Dit was een interruptie op uw eigen betoog! Toe maar, we zijn flexibel vanavond. Dan geef ik het woord aan de heer Simons van de VVD.

De heer Chris Simons (VVD):

Dank u, voorzitter. Allereerst wil ik succes wensen aan de indieners, maar ik wil wel stellen dat de VVD grote bezwaren heeft tegen dit voorstel. Mijn collega Temmink heeft al heel duidelijk verwoord dat de verhouding in de randvoorwaarden bij referenda hoegenaamd niet geregeld is. Een opkomstdrempel en andere drempels zijn verder niet verwoord. Ondanks dat het referendum niet bindend is, verwachten de initiatiefnemers wel dat het parlement en de regering de uitslag zo veel mogelijk opvolgen. Dit leidt ertoe dat ook referenda waarbij betrekkelijk weinig mensen hun stem uitbrengen, een groot gewicht kunnen krijgen.

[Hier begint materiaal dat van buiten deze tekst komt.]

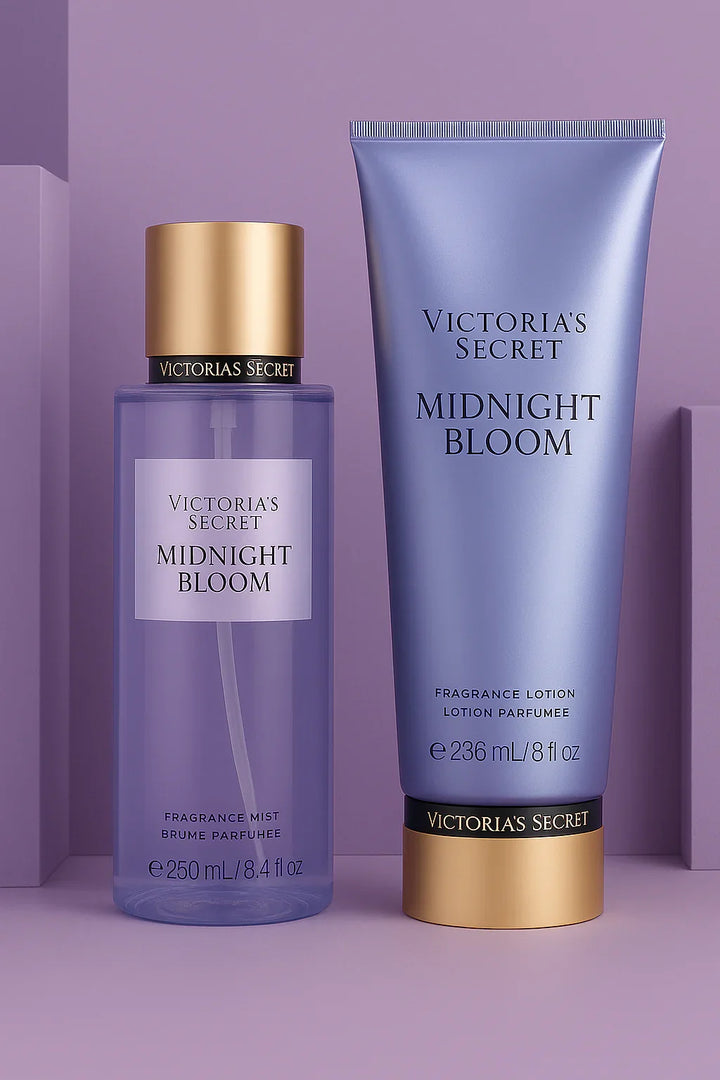 Kit Victoria’s Secret Midnight Bloom Body Splash 250 mL + Loção 236 mL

Dan krijgt een minderheid het dus te zeggen over een meerderheid. Zijn de initiatiefnemers het eens dat dit mogelijk is?

Verder bestaan er al mogelijkheden voor onze burgers om invloed uit te oefenen op het beleid. Zo zijn er burgerinitiatieven waarmee en fora waarop inwoners invloed kunnen uitoefenen op de totstandkoming van beleid. Wat is dan de toegevoegde waarde van dit referendum, dit initiatief? Wat voegt dit voorstel toe aan onze democratie?

Ik hoorde in een eerdere inbreng dat de democratie heel erg onder druk staat, maar onze inwoners waarderen onze democratie zeer. De opkomst bij de verkiezingen is ook zeer hoog als je die vergelijkt met het buitenland. Dus als onze inwoners onze democratie zo hoog waarderen, is dit voorstel, waardoor de minderheid het te zeggen kan krijgen over een meerderheid, dan waardevol? Wat voegt het toe? Is het juist niet een grote bedreiging voor onze democratie? Daar graag uw reflectie op.

Dank u wel, voorzitter.

De voorzitter:

Dank u wel, meneer Simons van de VVD. Tot slot heb ik de heer Sneller van D66 staan.

De heer Sneller (D66):

Dank, voorzitter. "Timeo Danaos et dona ferentes". Dat is waar ik aan moest denken. Ik zie de heer Baudet fronsen. Ik hoop dat de vertaling nog tot hem komt. Wij horen in tweede termijn vanuit vak K wat daar de bedoeling van was.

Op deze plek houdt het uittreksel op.